In [25]:
import numpy as np
import pandas as pd

# Introduction

For this week's notebook exercises we'll be training our fundamentals of data manipulation. Note, one of my goals for the class was to ensure that everyone had seen the code for subsetting a dataframe about a thousand times within the semester. Though it may seem mundane, operations like subsetting are so essential to data wrangling, underpin so many other complex manipulations, that you can seldom get "too good" at them. The tricky part is keeping things interesting.

# Homework

Let's pretend that you work for an automobile regulatory agency. One of the key questions you have is the relationship between city gas mileage and highway gas mileage. Generally, city gas mileage is consistently lower than highway gas mileage, just given the necessity of stopping-and-starting with traffic lights, stop signs, crosswalks, etc. But *across* cars, city mileage should track closely to highway mileage, gas efficiency being an intrinsic part of a car's design.

Run the code chunk below to get your dataset (note I've tampered with this otherwise real data set for the sake of this assignment), and answer the following questions. Highway mileage is given by the variable `hwy`, and city mileage is given by the variable `cty`.

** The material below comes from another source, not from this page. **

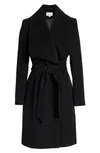 Cole Haan Women's Wool Blend Belted Wrap Coat - Black - Size 2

1) Let's define outliers as values that are $1.5^*IQR$ greater than the 3rd quartile, or $1.5^*IQR$ less than the 1st quartile ($IQR$ is the 3rd quartile minus the 1st quartile). Any cars that are outliers on *either* `cty` or `hwy` will be considered outliers for question 1 and 2. How many cars are outliers with regard to this definition?

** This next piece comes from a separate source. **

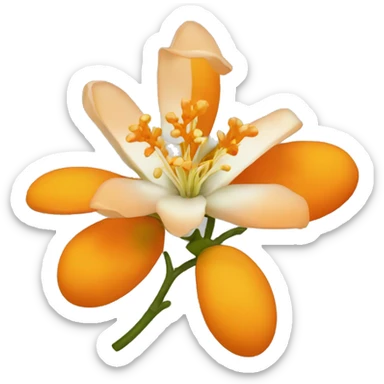 Orange blossom flower sticker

2) What's the difference in correlation between highway mileage and city mileage when considering only non-outliers, and when considering all the data?

3) Now let's define outliers in terms of how strange the *relationship* between our variables of interest are. Create a new variable called `hwylesscty` that's defined as the absolute value difference between highway mileage and city mileage for each car. How many cars are outliers with regard to `hwylesscty`?

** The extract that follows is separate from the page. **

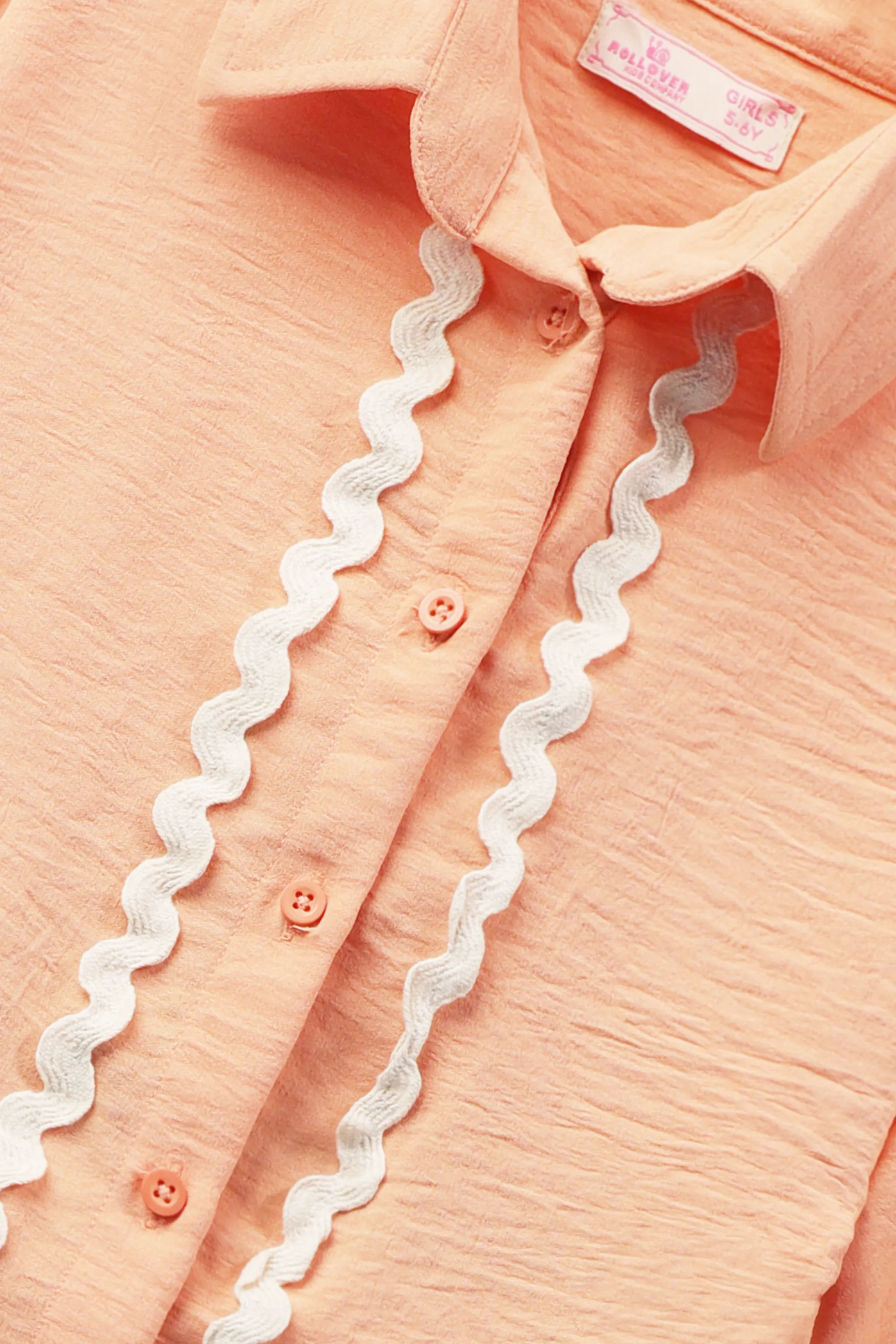 Girls Peach Mouzal Ruffle Co-ord Set - Image 4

4) This time we'll define outliers based on 'residuals'. Run a linear model regressing `hwy` on `cty` using *all* the data, and calculate the residuals for each observations (i.e., the difference between the predicted `hwy` value and the observed `hwy` value). How many observations' residuals values are outliers (similar IQR-based definition as explained in Question 1)?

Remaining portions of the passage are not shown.